Polisi mengungkap markas judol di Hayam Wuruk itu mirip markas judol di Kamboja, menggunakan kripto serta menyamar sebagai perusahaan teknologi.
Kasus ini berawal dari adanya informasi dari masyarakat tentang banyaknya aktivitas warga negara asing yang berlalu-lalang di sebuah bangunan ataupun gedung, yaitu Gedung Hayam Wuruk Plaza Tower.
Direktur Tindak Pidana Umum (Dirtipidum) Bareskrim Polri, Brigjen Wira Satya Triputra menyampaikan, penyelidikan yang dilakukan pihaknya menemukan aktivitas pengoperasian judol lintas negara di lantai 20 dan 21 gedung tersebut. Menurut Wira, aktivitas di lokasi itu mirip dengan markas judol di Kamboja hingga Myanmar.
“Setelah dilakukan serangkaian penyelidikan dan pendalaman, diperoleh informasi tentang dugaan adanya aktivitas pengoperasionalan perjudian online lintas negara. Hal ini hampir sama di beberapa negara Asia Tenggara lainnya, seperti di Kamboja, Malaysia, maupun Myanmar,” ungkap Wira dalam konferensi pers di gedung Bareskrim Polri, Jakarta dikutip, Minggu (28/6/2026).

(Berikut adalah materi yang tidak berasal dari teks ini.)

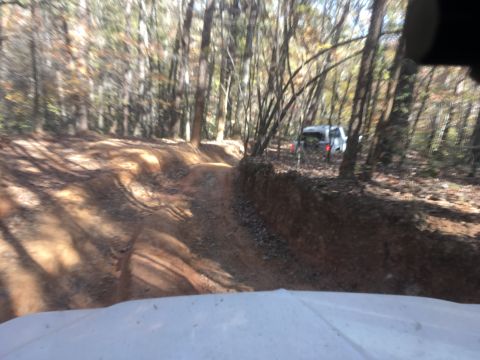 1979 Ford Bronco - A white SUV is seen driving on a dirt path through a forest. The vehicle is partially obscured by trees and the perspective is from inside…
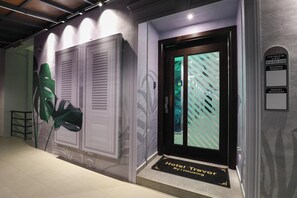 A hotel entrance with a modern design, including a large green plant, a door with a striped pattern, and a sign indicating a walk-in guest service area. - Trevor Hotel by I Housing (Malacca City)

Dia menduga sindikat judol tersebut masuk ke Indonesia karena otoritas Myanmar hingga Kamboja mulai penindakan secara masif. Dia menyebutkan ada 321 orang WNA yang diamankan pada saat penggerebekan.
“Mengapa hal ini terjadi? Mengingat di beberapa negara tersebut telah dilakukan penindakan secara masif, sehingga jaringan pelaku daripada judi online tersebut mencoba untuk memindahkan aktivitas operasionalnya di Indonesia,” ujarnya.
Tak sampai di situ, Ditripidum Bareskrim Polri juga menangkap empat warga negara Indonesia (WNI) terkait judi online yang bermarkas di Perkantoran tersebut.
Wira mengatakan, keempat tersangka itu masing-masing berinisial MAP, BT, DFA dan DA.
“Dari hasil pengembangan terhadap kasus, setelah dilakukan langkah penindakan di Hayam Wuruk, tim penyidik berhasil mengembangkan dengan mengamankan empat orang warga negara Indonesia,” kata Wira.
Keempatnya pun kini telah berstatus tersangka. Adapun peran tersangka MAP yakni sebagai admin keuangan. Posisi MAP berada di bawah leader jaringan judol.
“Kami sampaikan, MAP ini turut ditangkap pada saat di Gedung Hayam Wuruk,” ujar Wira.
Sementara itu, tersangka BT berperan membantu proses penyewaan Gedung Hayam Wuruk Plaza yang digunakan untuk operasional perjudian online. Selanjutnya, DFA berperan menyiapkan rekening dan kartu ATM.
Tersangka keempat adalah inisial DA. Ini membantu menyediakan sarana keuangan judi berupa menyiapkan kartu ATM dan membantu penukaran kripto. Kemudian membantu mengurus izin tinggal daripada warga negara asing tersebut.